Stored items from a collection
========================================
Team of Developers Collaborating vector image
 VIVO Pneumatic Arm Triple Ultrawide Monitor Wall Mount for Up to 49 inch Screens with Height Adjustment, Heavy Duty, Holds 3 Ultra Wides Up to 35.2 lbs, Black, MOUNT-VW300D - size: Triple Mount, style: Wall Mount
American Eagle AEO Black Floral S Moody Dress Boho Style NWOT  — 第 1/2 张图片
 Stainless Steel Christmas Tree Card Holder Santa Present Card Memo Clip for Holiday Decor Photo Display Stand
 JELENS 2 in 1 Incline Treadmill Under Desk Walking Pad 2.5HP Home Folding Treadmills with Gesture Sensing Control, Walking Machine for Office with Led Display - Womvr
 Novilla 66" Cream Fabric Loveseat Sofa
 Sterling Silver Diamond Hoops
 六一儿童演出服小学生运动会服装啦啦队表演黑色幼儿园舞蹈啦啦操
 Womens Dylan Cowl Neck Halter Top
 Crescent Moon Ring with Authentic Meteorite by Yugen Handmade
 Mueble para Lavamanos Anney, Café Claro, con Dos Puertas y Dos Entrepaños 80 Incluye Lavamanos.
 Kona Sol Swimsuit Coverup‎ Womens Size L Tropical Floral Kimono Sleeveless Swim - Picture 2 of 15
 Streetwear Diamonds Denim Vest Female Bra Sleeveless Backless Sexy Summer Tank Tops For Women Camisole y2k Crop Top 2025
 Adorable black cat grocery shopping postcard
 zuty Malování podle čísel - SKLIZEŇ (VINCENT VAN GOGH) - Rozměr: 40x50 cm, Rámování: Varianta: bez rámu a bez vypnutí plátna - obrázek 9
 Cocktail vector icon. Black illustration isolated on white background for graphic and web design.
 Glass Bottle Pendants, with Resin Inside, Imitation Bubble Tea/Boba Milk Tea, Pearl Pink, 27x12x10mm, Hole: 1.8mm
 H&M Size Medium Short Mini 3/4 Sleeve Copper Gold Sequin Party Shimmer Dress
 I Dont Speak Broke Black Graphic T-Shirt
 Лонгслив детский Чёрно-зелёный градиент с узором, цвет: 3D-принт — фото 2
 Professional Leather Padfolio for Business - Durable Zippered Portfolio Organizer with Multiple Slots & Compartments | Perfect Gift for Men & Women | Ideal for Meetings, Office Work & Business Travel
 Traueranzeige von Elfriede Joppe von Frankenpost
========================================
INSTRUCTIONS TO FOLLOW:
Write the entries out again exactly.

THE COMPLETED TASK:
Team of Developers Collaborating vector image
 VIVO Pneumatic Arm Triple Ultrawide Monitor Wall Mount for Up to 49 inch Screens with Height Adjustment, Heavy Duty, Holds 3 Ultra Wides Up to 35.2 lbs, Black, MOUNT-VW300D - size: Triple Mount, style: Wall Mount
American Eagle AEO Black Floral S Moody Dress Boho Style NWOT  — 第 1/2 张图片
 Stainless Steel Christmas Tree Card Holder Santa Present Card Memo Clip for Holiday Decor Photo Display Stand
 JELENS 2 in 1 Incline Treadmill Under Desk Walking Pad 2.5HP Home Folding Treadmills with Gesture Sensing Control, Walking Machine for Office with Led Display - Womvr
 Novilla 66" Cream Fabric Loveseat Sofa
 Sterling Silver Diamond Hoops
 六一儿童演出服小学生运动会服装啦啦队表演黑色幼儿园舞蹈啦啦操
 Womens Dylan Cowl Neck Halter Top
 Crescent Moon Ring with Authentic Meteorite by Yugen Handmade
 Mueble para Lavamanos Anney, Café Claro, con Dos Puertas y Dos Entrepaños 80 Incluye Lavamanos.
 Kona Sol Swimsuit Coverup‎ Womens Size L Tropical Floral Kimono Sleeveless Swim - Picture 2 of 15
 Streetwear Diamonds Denim Vest Female Bra Sleeveless Backless Sexy Summer Tank Tops For Women Camisole y2k Crop Top 2025
 Adorable black cat grocery shopping postcard
 zuty Malování podle čísel - SKLIZEŇ (VINCENT VAN GOGH) - Rozměr: 40x50 cm, Rámování: Varianta: bez rámu a bez vypnutí plátna - obrázek 9
 Cocktail vector icon. Black illustration isolated on white background for graphic and web design.
 Glass Bottle Pendants, with Resin Inside, Imitation Bubble Tea/Boba Milk Tea, Pearl Pink, 27x12x10mm, Hole: 1.8mm
 H&M Size Medium Short Mini 3/4 Sleeve Copper Gold Sequin Party Shimmer Dress
 I Dont Speak Broke Black Graphic T-Shirt
 Лонгслив детский Чёрно-зелёный градиент с узором, цвет: 3D-принт — фото 2
 Professional Leather Padfolio for Business - Durable Zippered Portfolio Organizer with Multiple Slots & Compartments | Perfect Gift for Men & Women | Ideal for Meetings, Office Work & Business Travel
 Traueranzeige von Elfriede Joppe von Frankenpost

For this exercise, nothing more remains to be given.